Return the entries that follow exactly, with no images.

----- Material for this task

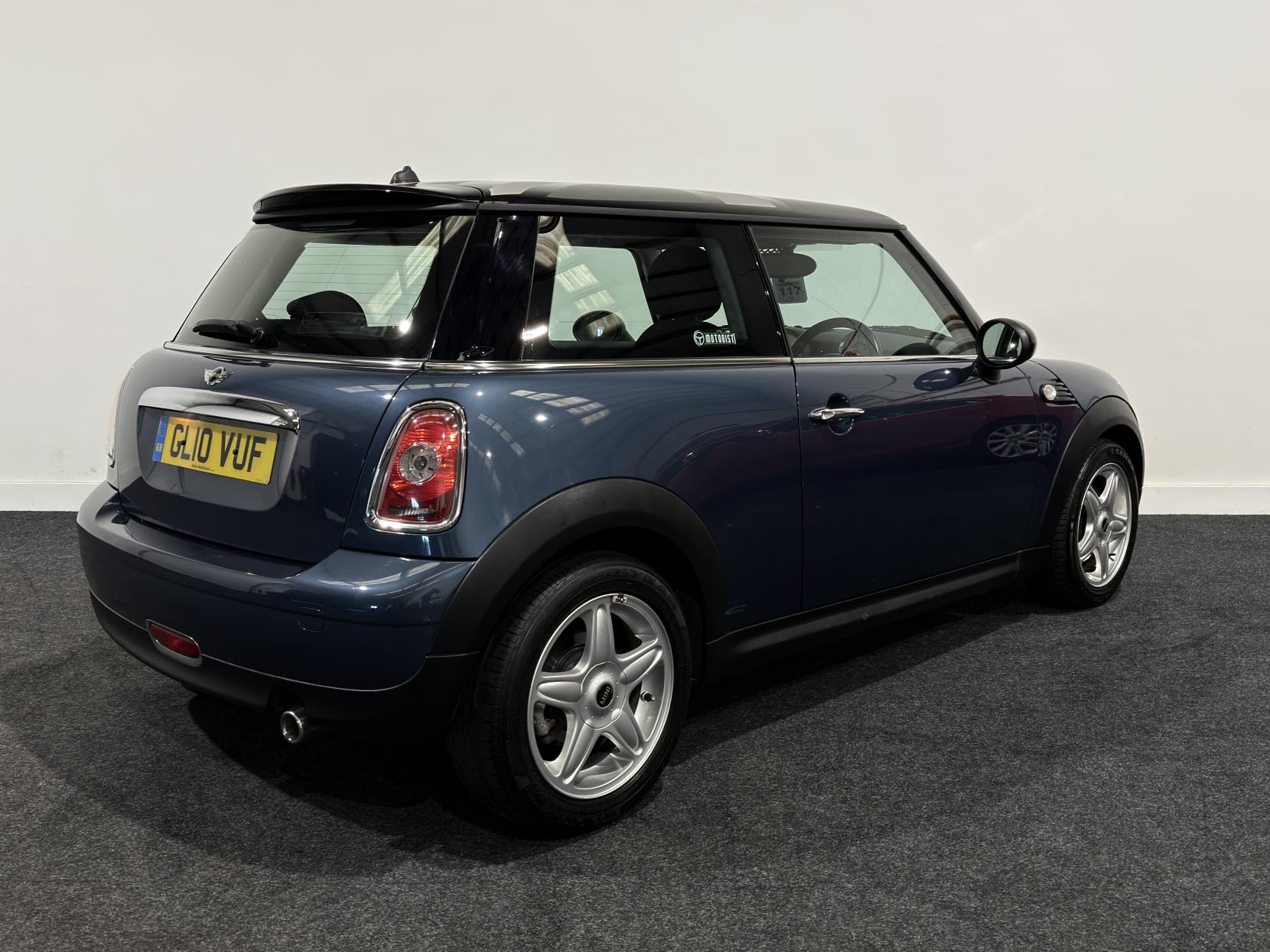 MINI Hatch 1.6 Cooper Hatchback 3dr Petrol Manual Euro 5 (122 ps)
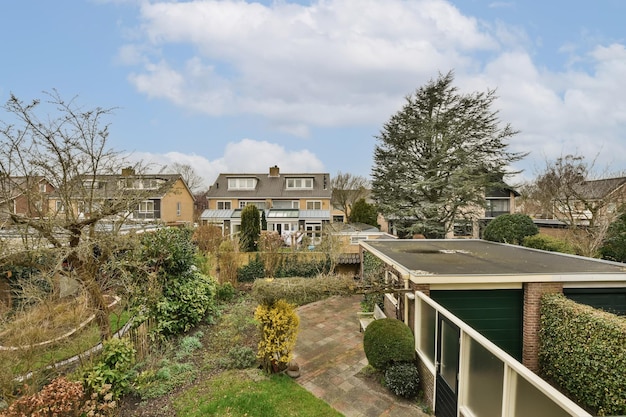 Het uitzicht op een achtertuin met huizen op de achtergrond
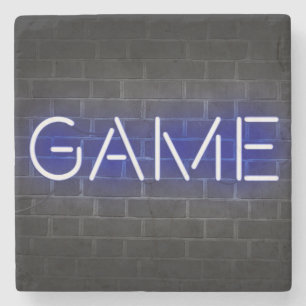 Dessous-de-verre En Pierre Panneau de néon du jeu sur mur en brique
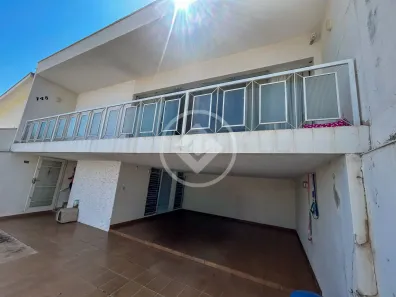 Casa com 3 Quartos para alugar, 288m² no Centro, Vinhedo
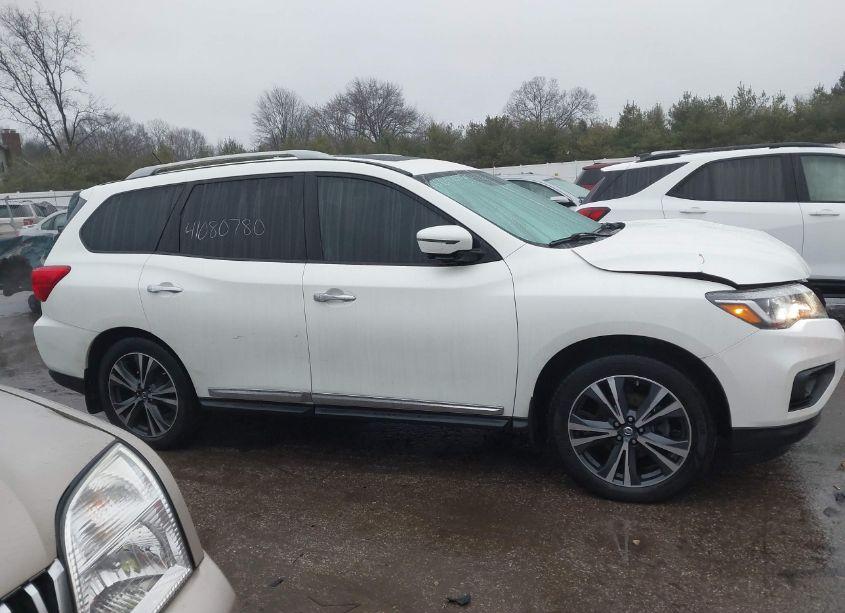 Photo 13 of 2017 Nissan Pathfinder PLATINUM (VIN 5N1DR2MM6HC618204)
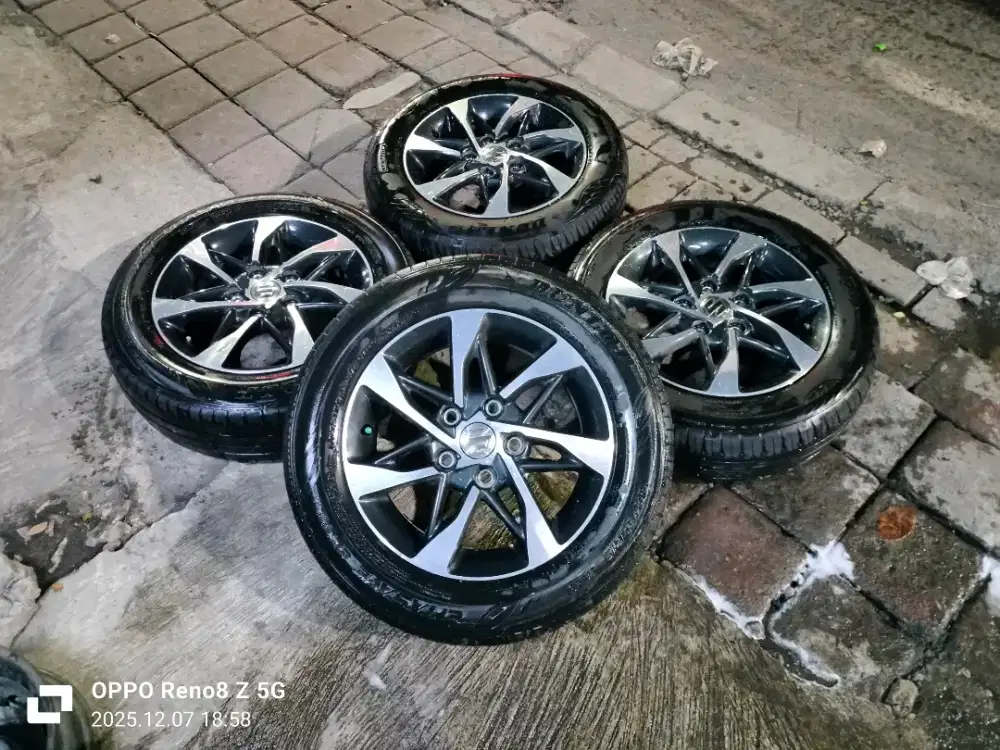 Jual vleg OEM Ertiga R15 kond mulus pcd 5x114.3 co2k buat granmek tayo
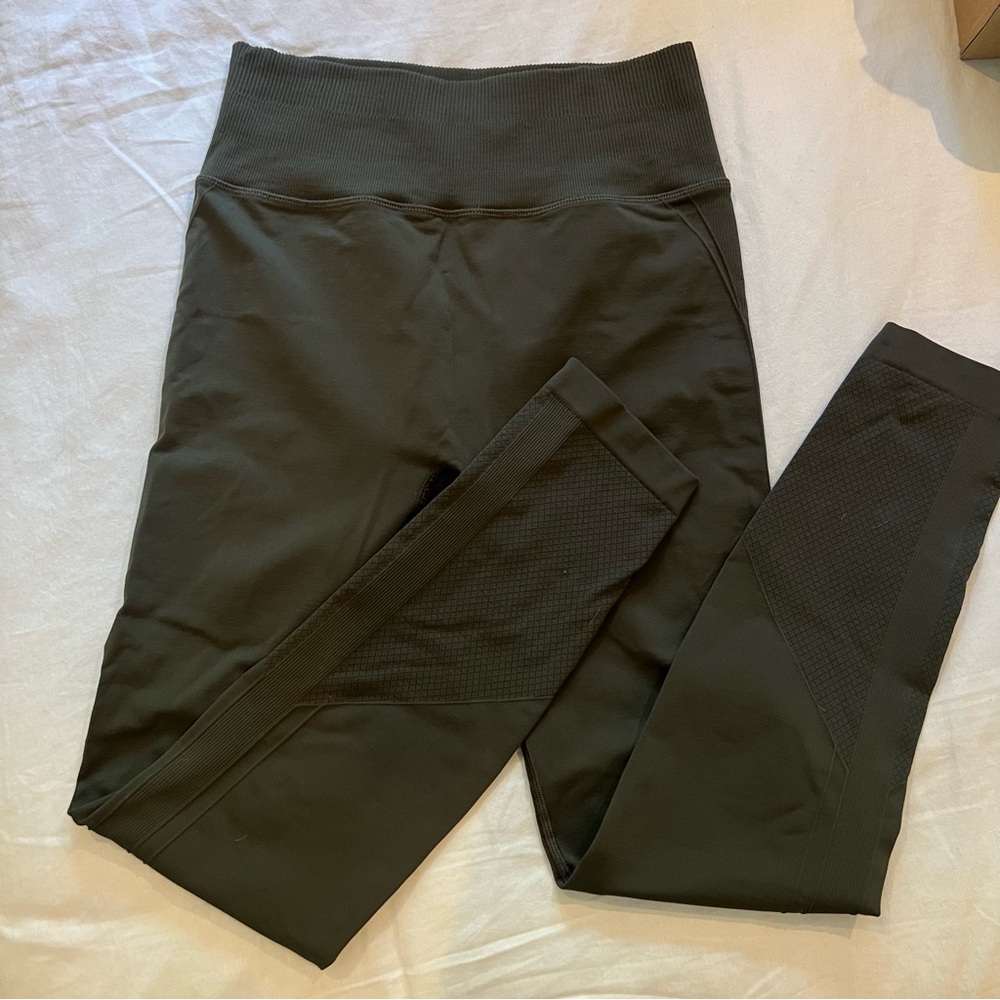 Green seamless Lululemon leggings. Size 4. 7/8 length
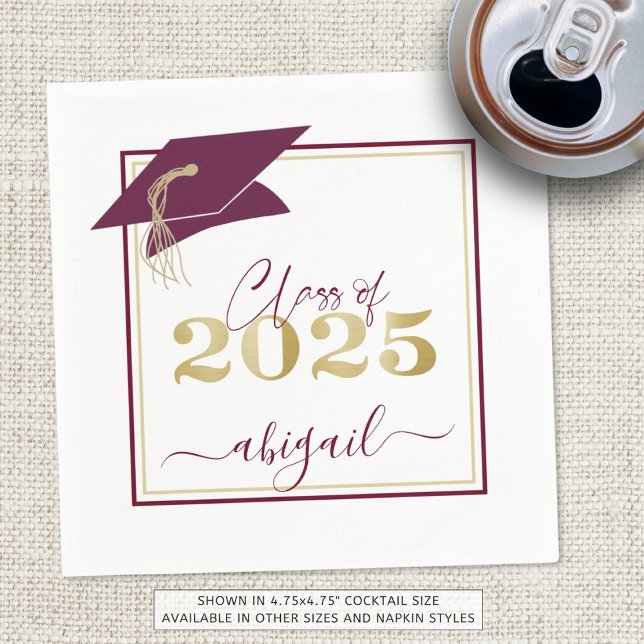 Graduation Cap Maroon Gold Script Class of 2025 Serviette (Von Creator hochgeladen)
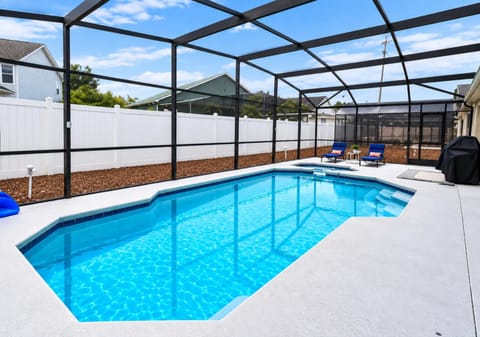 Patio, Pool view, Swimming pool, sunbed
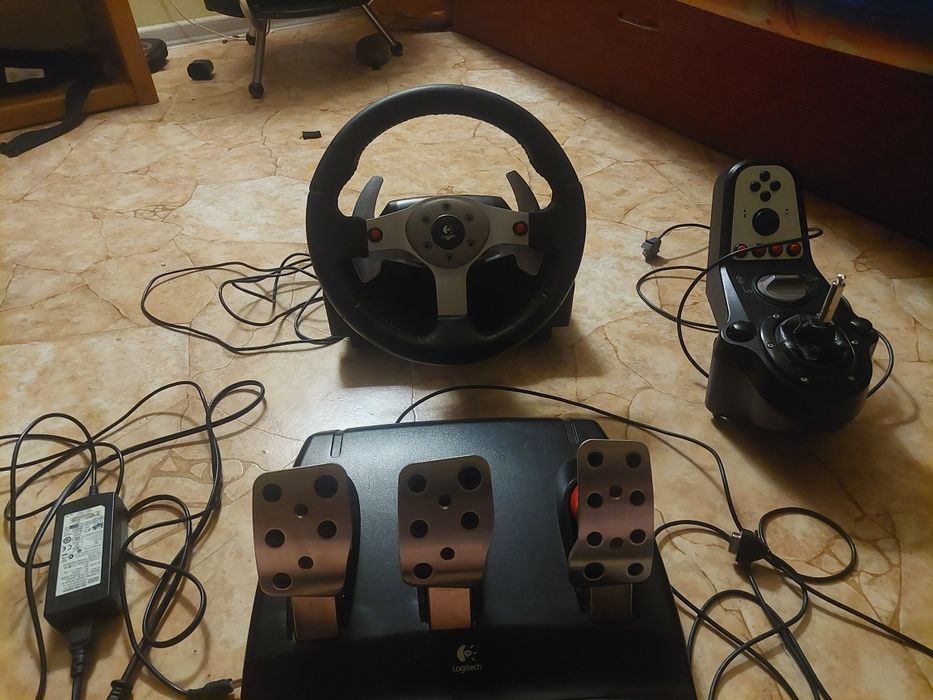 Игровой руль Logitech G25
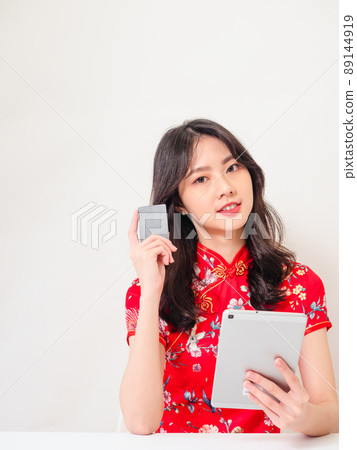 Written by Tradition, Cheongsam, Smile, Female, White Background, Previously Used Credit Cards and Tablets. Written by Tradition, Cheongsam, Smile, Female, White Background, Previously Used Credit Cards and Tablets. 89144919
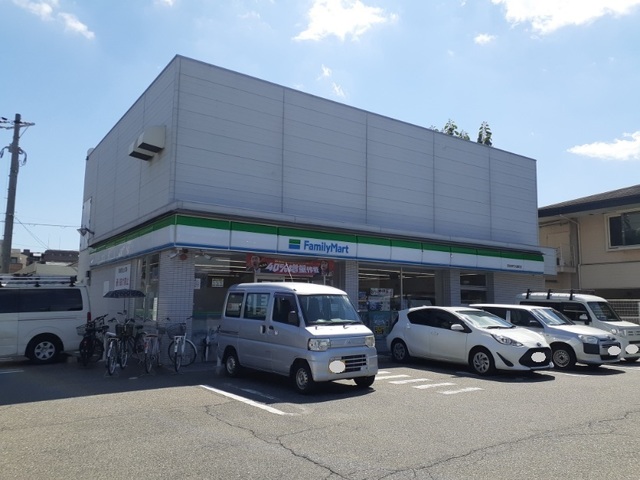 コンビニ　ファミリーマート津門大箇町店様（コンビニ）まで400m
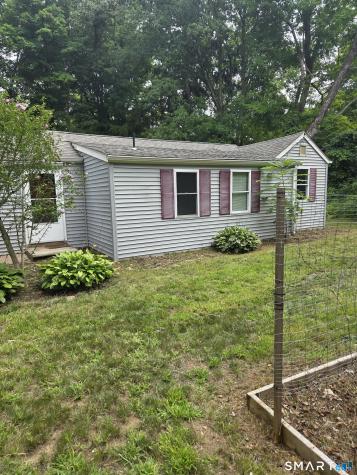 26 Seagraves Road Coventry CT 06238
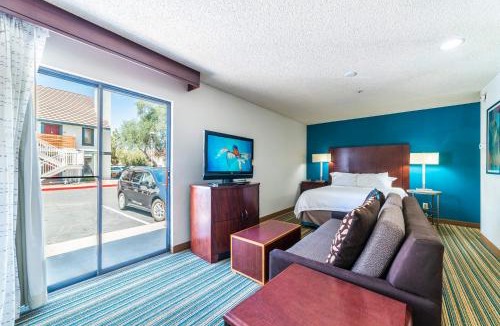 North Mountain Apartment | Metro Phoenix Extended Stay - Queen Studio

----------

> **Solution to this problem**
 MINI Hatch 1.6 Cooper Hatchback 3dr Petrol Manual Euro 5 (122 ps)
 Het uitzicht op een achtertuin met huizen op de achtergrond
 Dessous-de-verre En Pierre Panneau de néon du jeu sur mur en brique
 Casa com 3 Quartos para alugar, 288m² no Centro, Vinhedo
 Photo 13 of 2017 Nissan Pathfinder PLATINUM (VIN 5N1DR2MM6HC618204)
 Jual vleg OEM Ertiga R15 kond mulus pcd 5x114.3 co2k buat granmek tayo
 Green seamless Lululemon leggings. Size 4. 7/8 length
 Graduation Cap Maroon Gold Script Class of 2025 Serviette (Von Creator hochgeladen)
 Patio, Pool view, Swimming pool, sunbed
 Игровой руль Logitech G25
 Written by Tradition, Cheongsam, Smile, Female, White Background, Previously Used Credit Cards and Tablets. Written by Tradition, Cheongsam, Smile, Female, White Background, Previously Used Credit Cards and Tablets. 89144919
 コンビニ　ファミリーマート津門大箇町店様（コンビニ）まで400m
 26 Seagraves Road Coventry CT 06238
 North Mountain Apartment | Metro Phoenix Extended Stay - Queen Studio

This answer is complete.